Bhima menyampaikan ini dalam Seminar Refleksi Akhir Tahun 2024 yang digelar oleh Lembaga Hikmah dan Kebijakan Publik PP Muhammadiyah, Majelis Hukum dan HAM PP Muhammadiyah, serta Lembaga Bantuan Hukum dan Advokasi Publik PP Muhammadiyah di Kota Yogyakarta, pada Senin (23/12/2024).

“Nah ini menurut saya jadi salah satu hal yang bisa menjadi strategi bersama kita. Kalau 50 saja orang terkaya itu dipajaki asetnya, bukan penghasilan, tapi aset, karena orang kaya ini paling pinter mainin penghasilan. Asetnya, 2 persen saja dipajakin, itu negara bisa dapat Rp 81,6 triliun,” kata Bhima dalam paparannya secara virtual.

Ekonom ini menilai, akan lebih baik jika pemerintah mencari tambahan dana lewat pajak kekayaan dibandingkan PPN 12 persen.

Sebab, PPN 12 persen dinilai akan berdampak pada ekonomi masyarakat, seperti meningkatkan PHK.

“Ngapain nyari PPN 12 persen? Daya belinya turun, industrinya makin banyak PHK, UMKM-nya juga terdampak karena PPN 12 persen. Kenapa enggak ngejar pajak kekayaan yang dapatnya Rp 80 triliun lebih?” katanya. 

Dalam seminar ini, ia meminta Pengurus Pusat (PP) Muhammadiyah bersikap dan berani.

Jika memang pemerintah membutuhkan dana tambahan, PP Muhammadiyah diminta untuk menyuarakan agar tidak mengambil dari PPN yang berdampak pada masyarakat.

“Maka kira-kira Muhammadiyah harus berani untuk bilang bukan pajak kelas menengah dalam negeri, bukan PPN, tapi jawabannya adalah pajak kekayaan,” ucap Bhima.
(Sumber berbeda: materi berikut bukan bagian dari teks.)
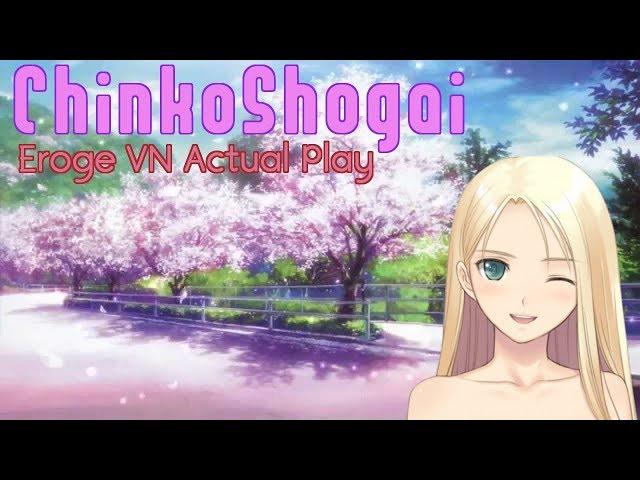 ChinkoShogai: Eroge Manga Visual Novel Actual Play!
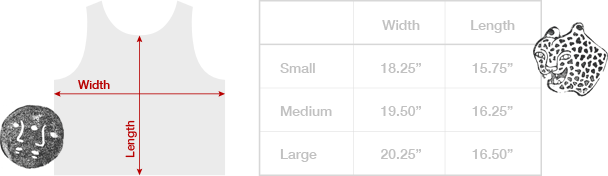 DSCR_Sizing-Chart.gif
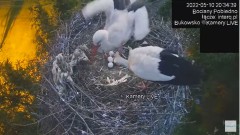 2022-05-10 21_28_34-#Bociany na żywo, POBIEDNO, IP Camera #Stork #LIVE, #stork #nest #Online subskry.jpg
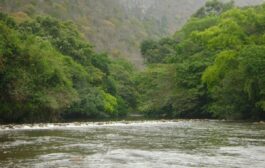 Continúa el proceso de acotamiento de las principales rondas hídricas en la cuenca del río Ranchería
“Kenapa pajak kekayaan? Karena mereka yang masuk dalam 50 orang terkaya, itu setidaknya punya 5.243 miliar nilai aset. Itu aset yang masih kelihatan di atas kertas, 5.000 triliun. Kira-kira 50 persen dari produk domestik bruto,” kata dia.

Bhima menilai, perlu ada usulan konkret agar pemerintah menarik pajak dari orang kaya di Indonesia.

“Kita harus mulai merancang gagasan bersama bahwa gimana yang 5.000 triliun ini, ini tidak pernah secara serius ditarik pajaknya, tidak pernah serius masuk ke dalam kantong negara. Termasuk penghindaran-penghindaran pajak yang begitu saja dibiarkan oleh pemerintah,” tuturnya.

Kenaikan PPN menjadi 12 persen akan mulai berlaku pada tahun depan.

Menteri Keuangan Sri Mulyani menyampaikan bahwa kenaikan ini hanya berlaku untuk barang mewah.

Beberapa di antaranya adalah layanan rumah sakit dan fasilitas kesehatan kategori premium, termasuk layanan VIP, institusi pendidikan bertaraf internasional, atau layanan pendidikan premium dengan biaya tinggi, serta konsumsi listrik rumah tangga dengan daya 3.600–6.600 VA hingga beras premium.

Di sisi lain, Direktorat Jenderal Pajak (DJP) menyampaikan bahwa kenaikan tarif PPN menjadi 12 persen berlaku untuk seluruh barang dan jasa yang selama ini dikenai tarif 11 persen.

Sri Mulyani menyatakan bahwa kebijakan ini merupakan bagian dari upaya meningkatkan penerimaan negara guna mendukung stabilitas ekonomi nasional.

"Kenaikan tarif PPN menjadi 12 persen dilakukan sesuai amanat Undang-Undang Harmonisasi Peraturan Perpajakan (UU HPP). Langkah ini bertujuan menjaga keseimbangan fiskal di tengah tantangan ekonomi global," ujar Sri Mulyani dalam konferensi pers di Jakarta, pada Senin (16/12/2024).

Sementara itu, Direktorat Jenderal Pajak (DJP) menyampaikan bahwa kenaikan PPN 12 persen itu dikenakan kepada seluruh barang dan jasa yang terkena PPN 11 persen.

Kenaikan PPN 12 persen itu hanya dikecualikan terhadap beberapa jenis barang yang merupakan kebutuhan masyarakat banyak, seperti minyak goreng curah "Kita", tepung terigu, dan gula industri, hingga pendidikan dan kesehatan yang nonpremium.

"Kenaikan PPN dari 11 persen menjadi 12 persen berlaku untuk seluruh barang dan jasa yang selama ini dikenai tarif 11 persen, kecuali beberapa jenis barang yang merupakan kebutuhan masyarakat banyak," demikian sebagaimana dilansir dari keterangan resmi DJP, pada Minggu (22/12/2024) kemarin.

DJP Kemenkeu juga masih menyusun kriteria barang dan jasa mewah yang akan dikenakan PPN 12 persen mulai 1 Januari 2025.

Termasuk di dalamnya kriteria barang kebutuhan pokok premium serta jasa kesehatan dan jasa pendidikan premium yang akan dikenakan PPN 12 persen.